Brief descriptive captions:

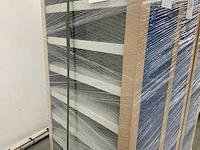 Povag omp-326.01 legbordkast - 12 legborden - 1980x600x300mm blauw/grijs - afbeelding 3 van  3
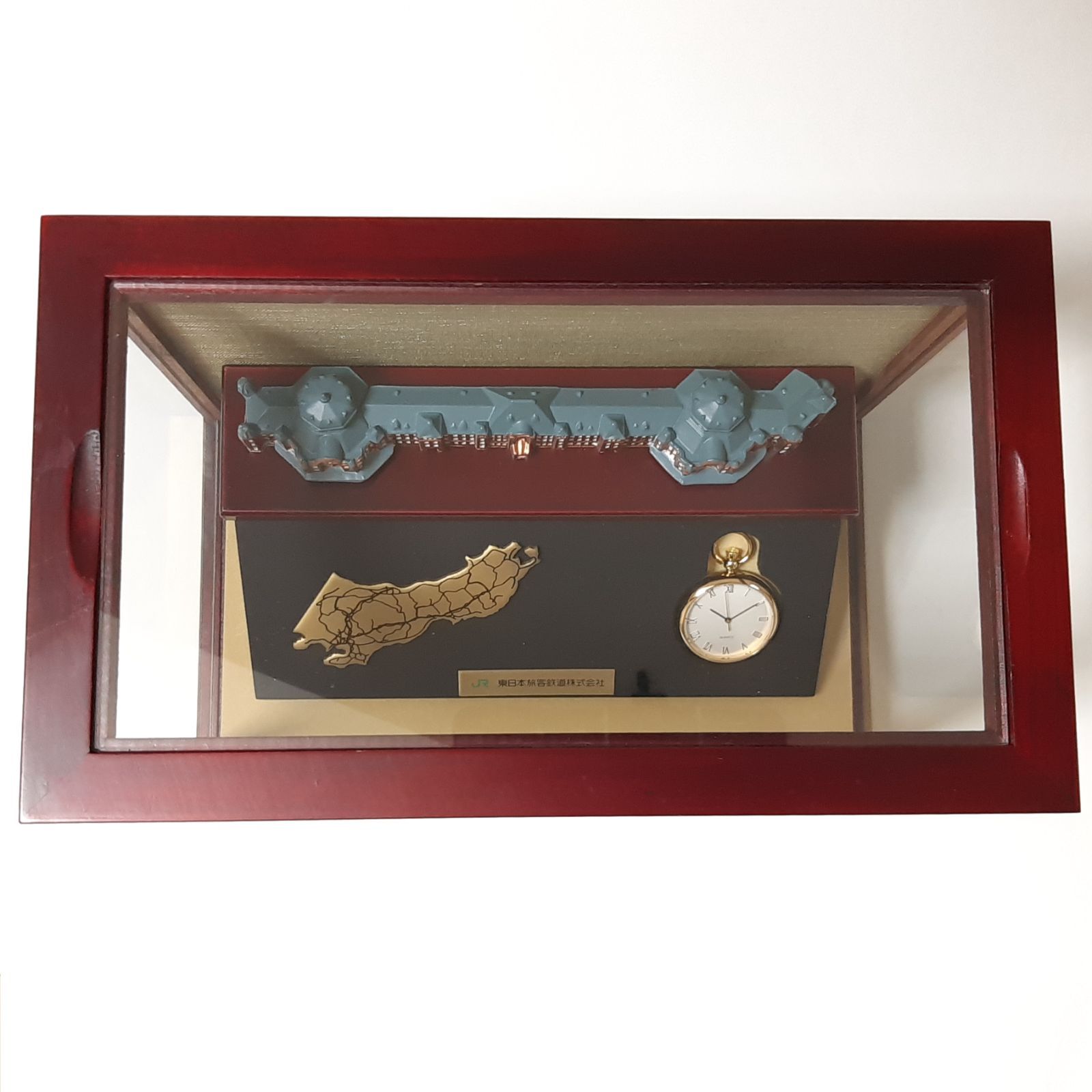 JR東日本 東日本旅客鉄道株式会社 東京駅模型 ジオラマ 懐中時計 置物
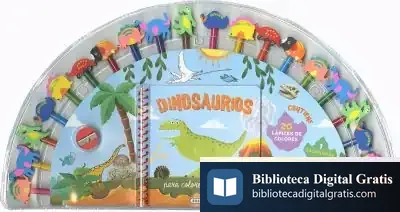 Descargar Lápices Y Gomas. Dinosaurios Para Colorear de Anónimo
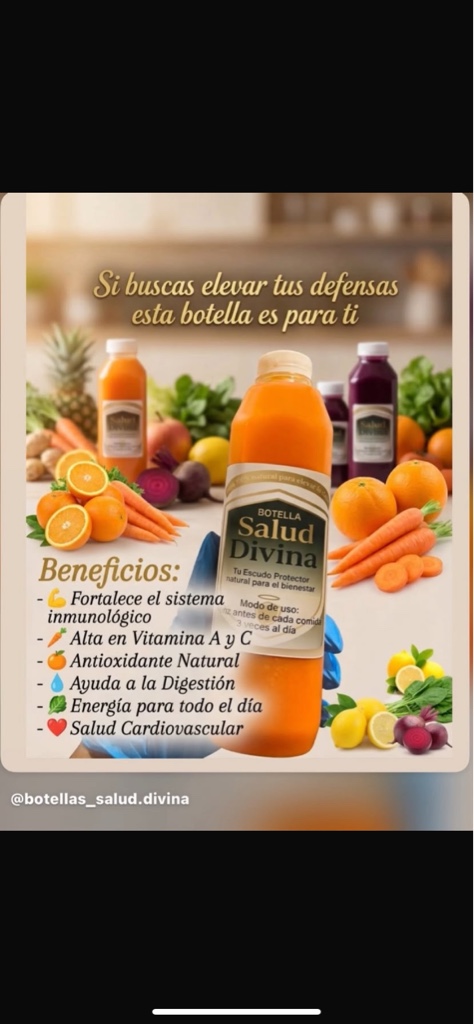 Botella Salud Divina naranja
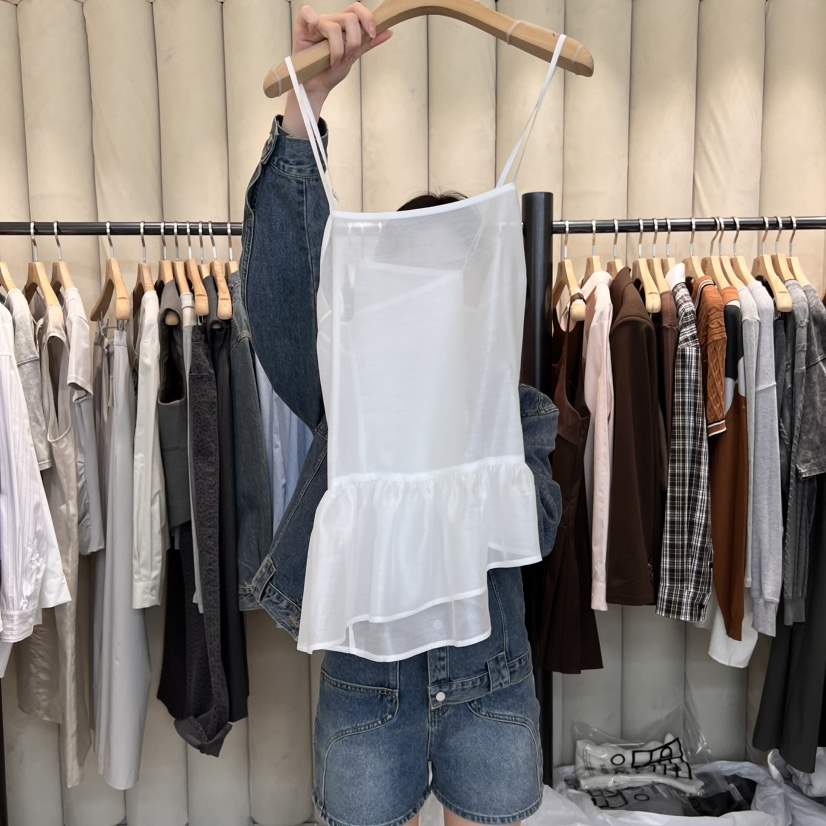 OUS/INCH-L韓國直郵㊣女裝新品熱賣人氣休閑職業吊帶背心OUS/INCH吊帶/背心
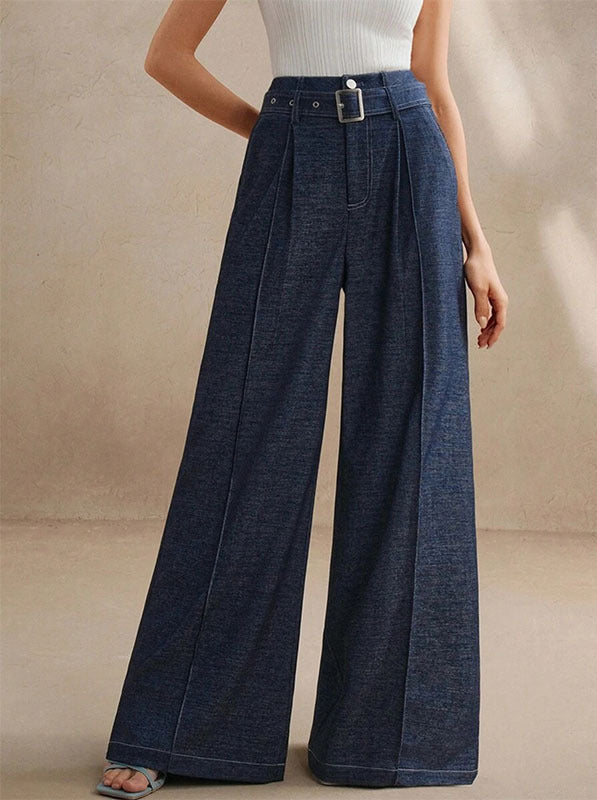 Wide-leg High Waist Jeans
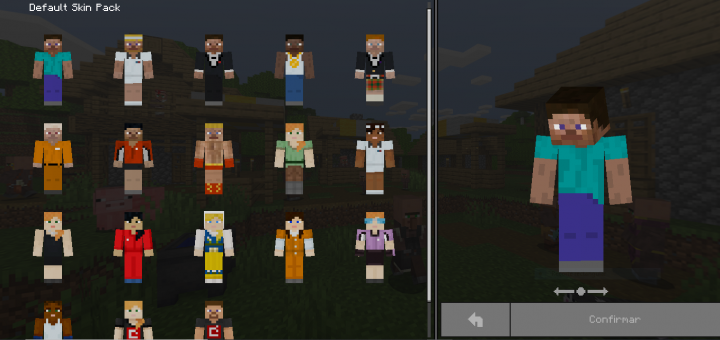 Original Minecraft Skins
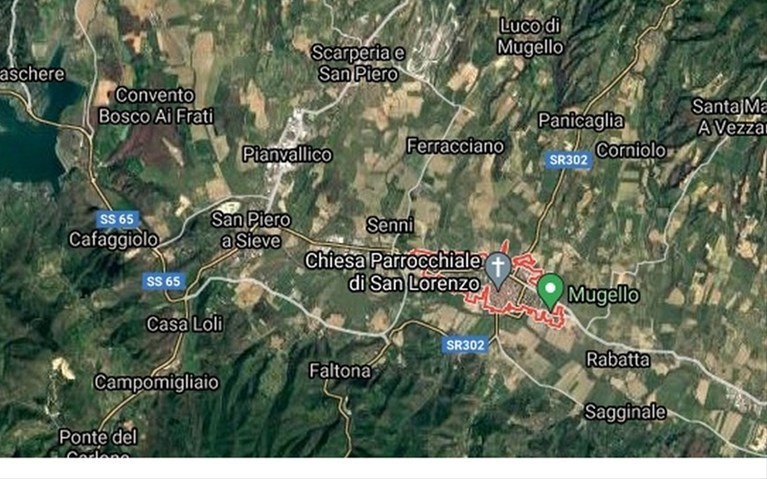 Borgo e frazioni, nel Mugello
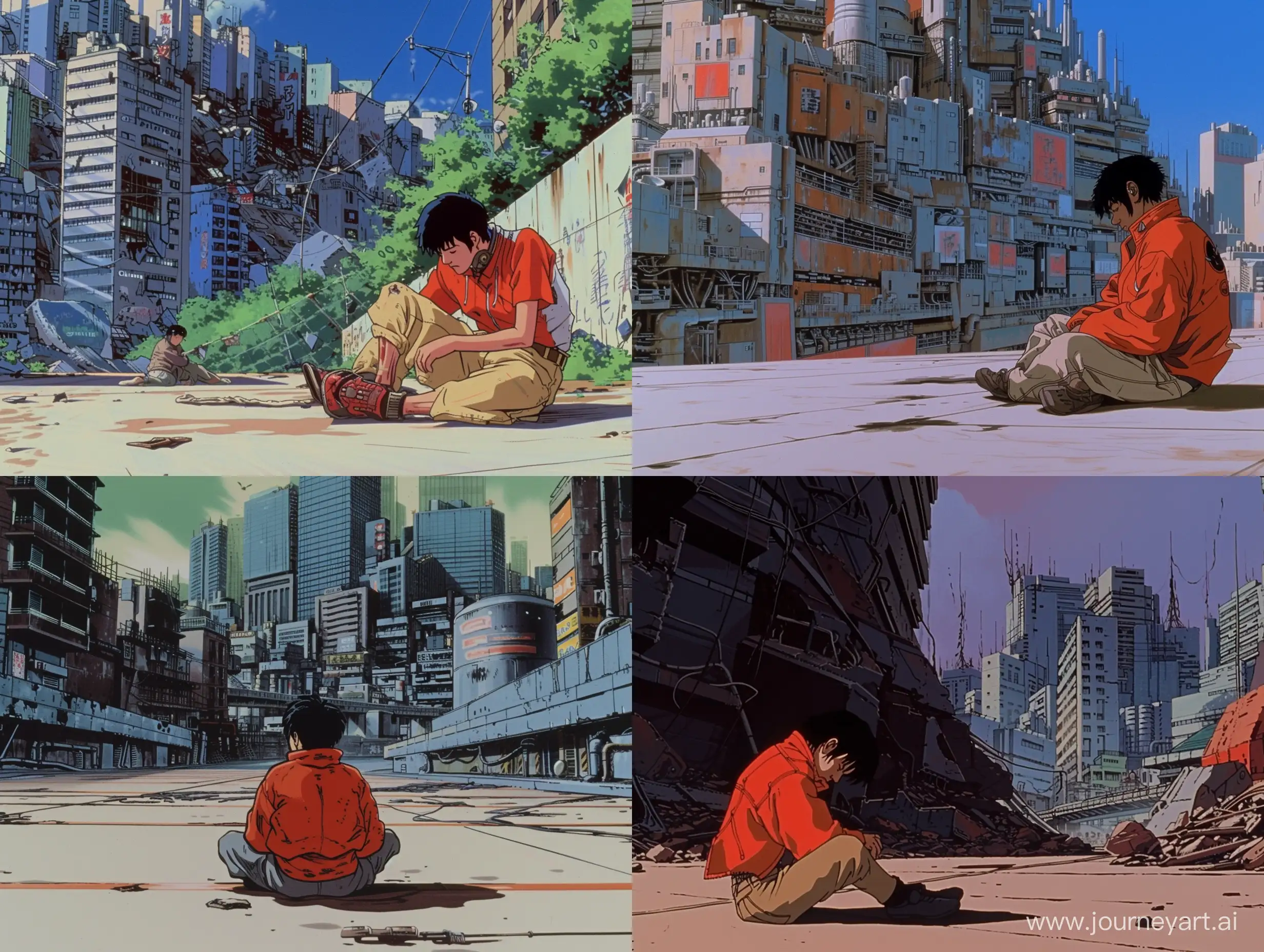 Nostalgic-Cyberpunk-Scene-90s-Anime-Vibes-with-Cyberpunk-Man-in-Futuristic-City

■ **GOAL OF THE EXERCISE**
Could you restate the entries word for word, skipping any pictures?

■ **TASK SOLUTION**
 Povag omp-326.01 legbordkast - 12 legborden - 1980x600x300mm blauw/grijs - afbeelding 3 van  3
 JR東日本 東日本旅客鉄道株式会社 東京駅模型 ジオラマ 懐中時計 置物
 Descargar Lápices Y Gomas. Dinosaurios Para Colorear de Anónimo
 Botella Salud Divina naranja
 OUS/INCH-L韓國直郵㊣女裝新品熱賣人氣休閑職業吊帶背心OUS/INCH吊帶/背心
 Wide-leg High Waist Jeans
 Original Minecraft Skins
 Borgo e frazioni, nel Mugello
 Nostalgic-Cyberpunk-Scene-90s-Anime-Vibes-with-Cyberpunk-Man-in-Futuristic-City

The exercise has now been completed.